Forrester’s government clients struggle with integration. It’s difficult, and it’s even more so for the public sector, where underfunded budgets and federated fiefdoms with limited shared services are the norm. The pressure is on as digital systems demand greater connectivity, especially as customers (citizens and beyond) expect a connected government experience.

Add in major cuts in resources, and it seems even more like an impossible challenge to conquer. Or is it? As governments tighten budgets and prioritize their limited time and resources, they face an important question: Is this a problem that no longer requires spending cycles to solve? With the onset of AI, and agentic AI in particular, our government clients are asking if integration is a challenging, expensive, and painful problem they will no longer have to solve in two years’ time.

Will agentic AI bridge the gap between siloed systems? Will it finally deliver the seamless integration government agencies have been waiting for, thus making interoperability a problem of the past?

No, AI Makes Your Integration Problems Worse

Sorry, it’s not good news.

AI is not magic fairy dust. How is AI supposed to access your data and digital operations without integration? The fact is AI amplifies the urgency to do integration well. Agencies that have cut corners on integration will find executing on AI will be more difficult than those that built a robust integration foundation.

For AI to be more than a chatbot, it needs events and APIs:

  • Events notify AI agents when a decision is needed and keep them up-to-date on the latest state of your systems in real time.
  • AI agents evaluate what just happened and the current state across systems — and make a decision.
  • APIs are invoked by the agent to retrieve additional data when needed to aid making a decision and to actualize that decision.

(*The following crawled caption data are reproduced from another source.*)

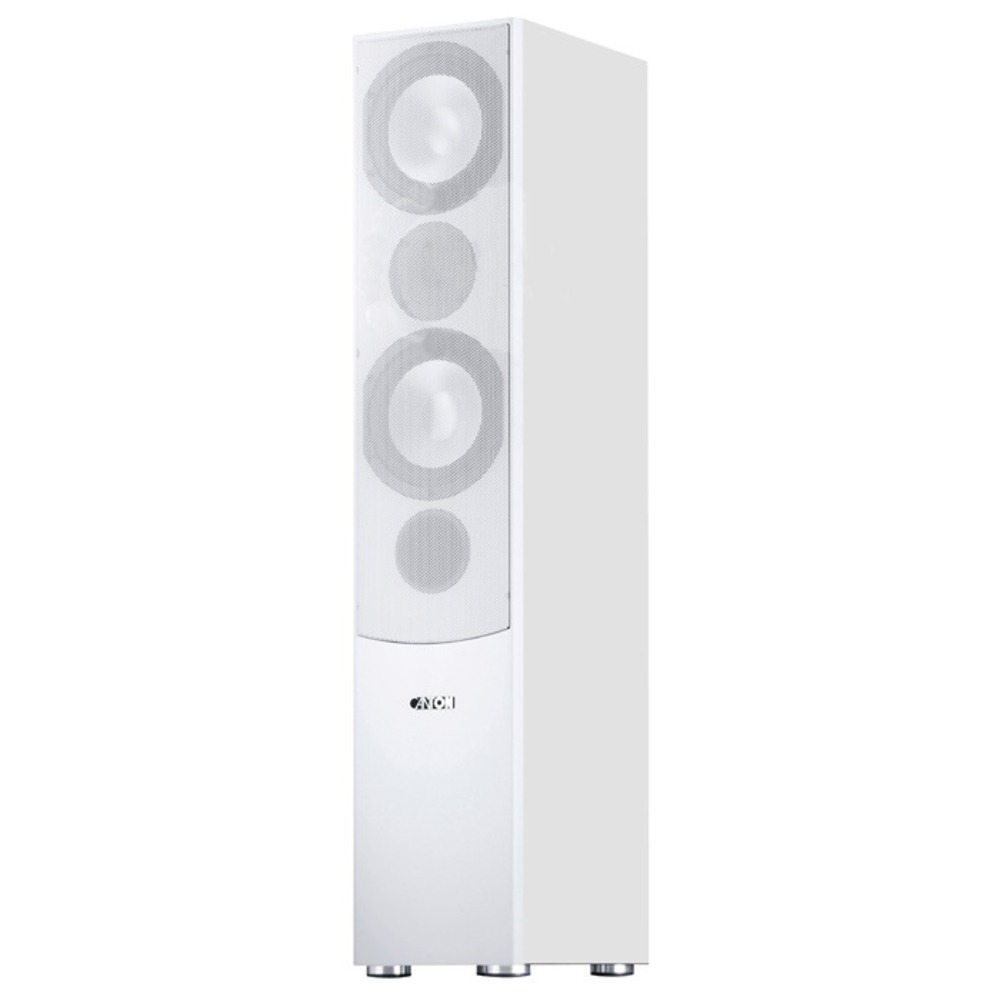 Напольная акустика CANTON GLE 470 Silver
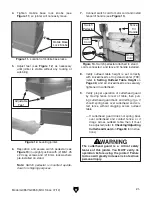 Предварительный просмотр 24 страницы Grizzly G0857 Owner'S Manual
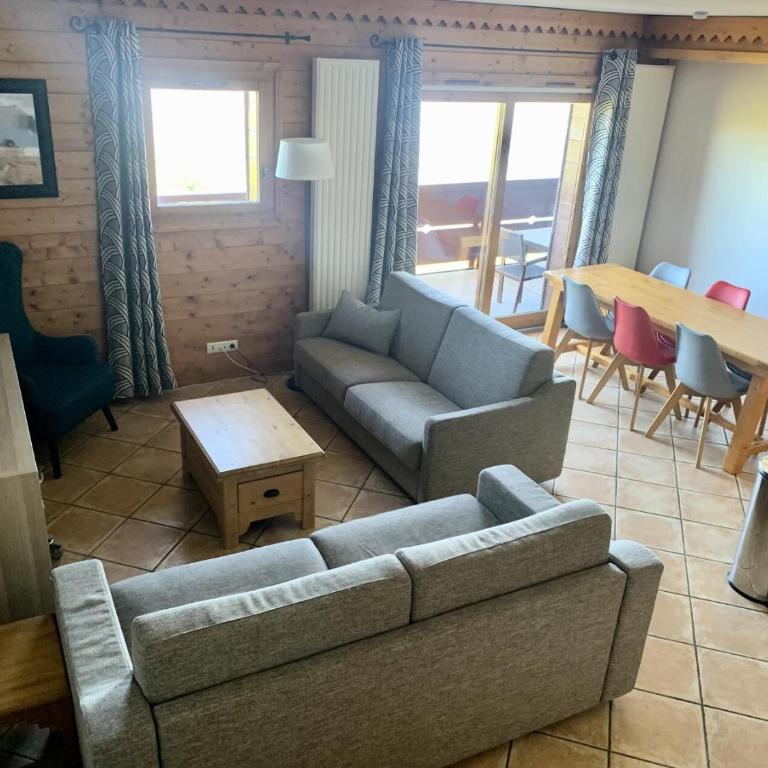 Résidence Les Hauts Bois - maeva Home - Appartement 4 pièces 8 personnes Sélection MAE-9753 - Appartement - 1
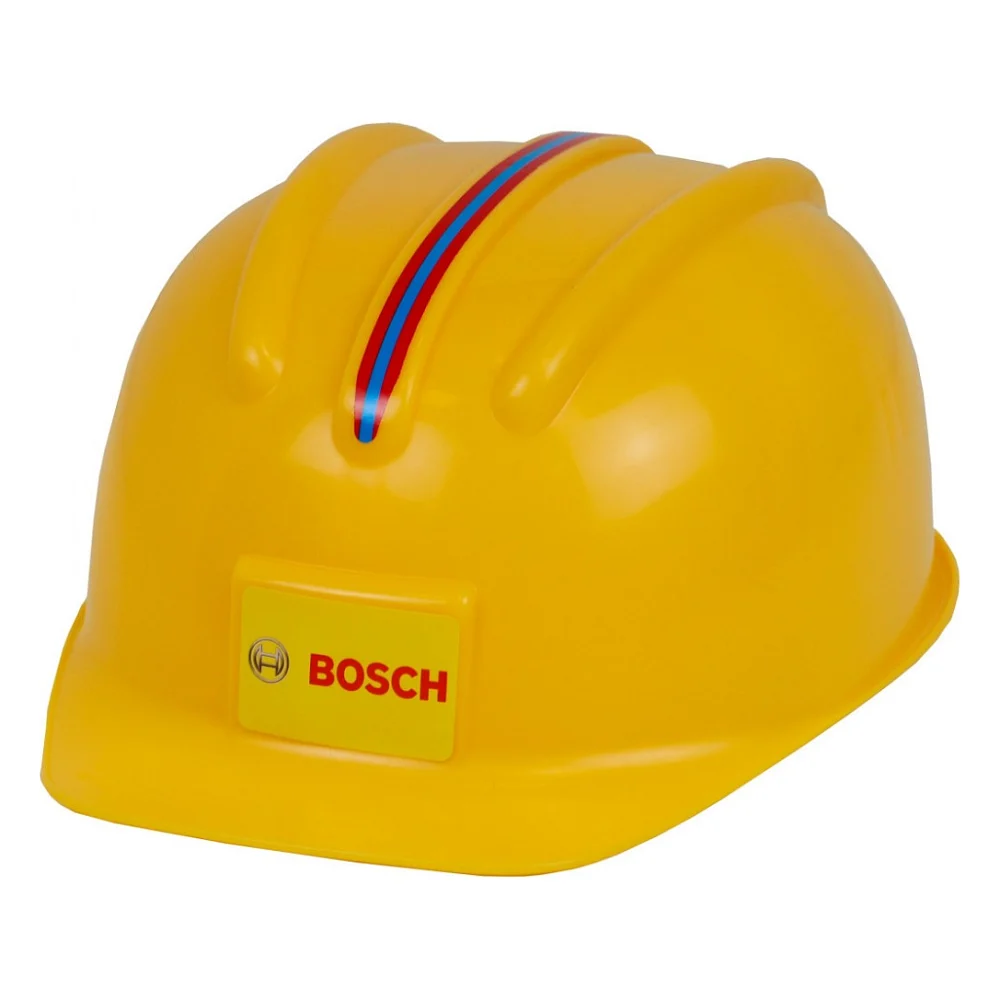 Ігровий набір Bosch аксеуарів з шоломом (8537) — фото 6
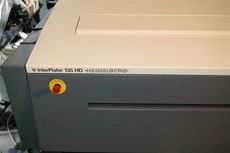 проявочный процессор Glunz&Jensen InterPlater 135 HD
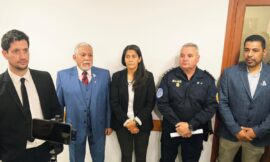 Secuestro de 60 kilos de marihuana: “El compromiso del Estado es claro: sacar la droga de la calle, porque enferma a nuestra sociedad”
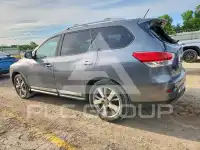 2016 Nissan PATHFINDER фото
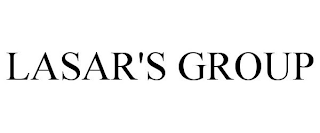 LASAR'S GROUP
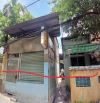 BÁN ĐẤT TẶNG NHÀ C4 NƠ TRANG LONG P13 Q.BT - NGANG GẦN 8M DÀI 15M - CHỈ 12,6 TỶ TL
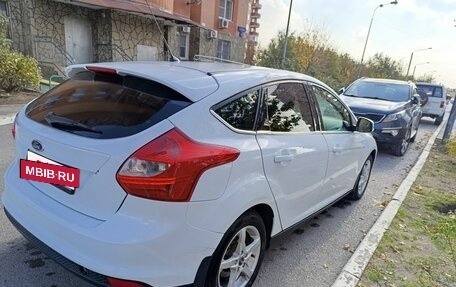Ford Focus III, 2012 год, 770 000 рублей, 3 фотография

Agentic AI Will Fail With Traditional Integration Architecture

The principles of good integration are not new, but AI makes them more necessary than ever. To enable AI action, you need:

  • Definitions. APIs and events must be documented with a schema definition and plain-English semantic meaning of what they do. Otherwise, AI won’t have a clue.
  • Business architecture. APIs and events must reflect your agency’s capabilities as defined by capability mapping. They should not reflect technical applications as happens in point-to-point integration commonly found in the public sector. Otherwise they will be too low-level for AI to figure out how to use them to accomplish a goal.
  • High-quality API design. APIs with schemas and error messages that confuse humans will confuse AI agents. But unlike humans, AI agents can’t spend a few hours experimenting with an API and chatting with its owner sitting in the next cubicle aisle. AI agents don’t have memory to recall the weird quirks of an API that human developers discover and remember during the SDLC.
  • Tight security. Whatever security holes you have in your APIs will be found much faster by an AI agent than by a human.

It’s Time To Stop Neglecting Integration

The facts listed above are nothing new. They were best practices before AI. They are even more critical with AI. Now is the time to pay down the tech debt of point-to-point integration. Yes, integration is difficult, but if the public sector can figure out how to send a man to the moon, it can solve its integration problems with the right will and incentives.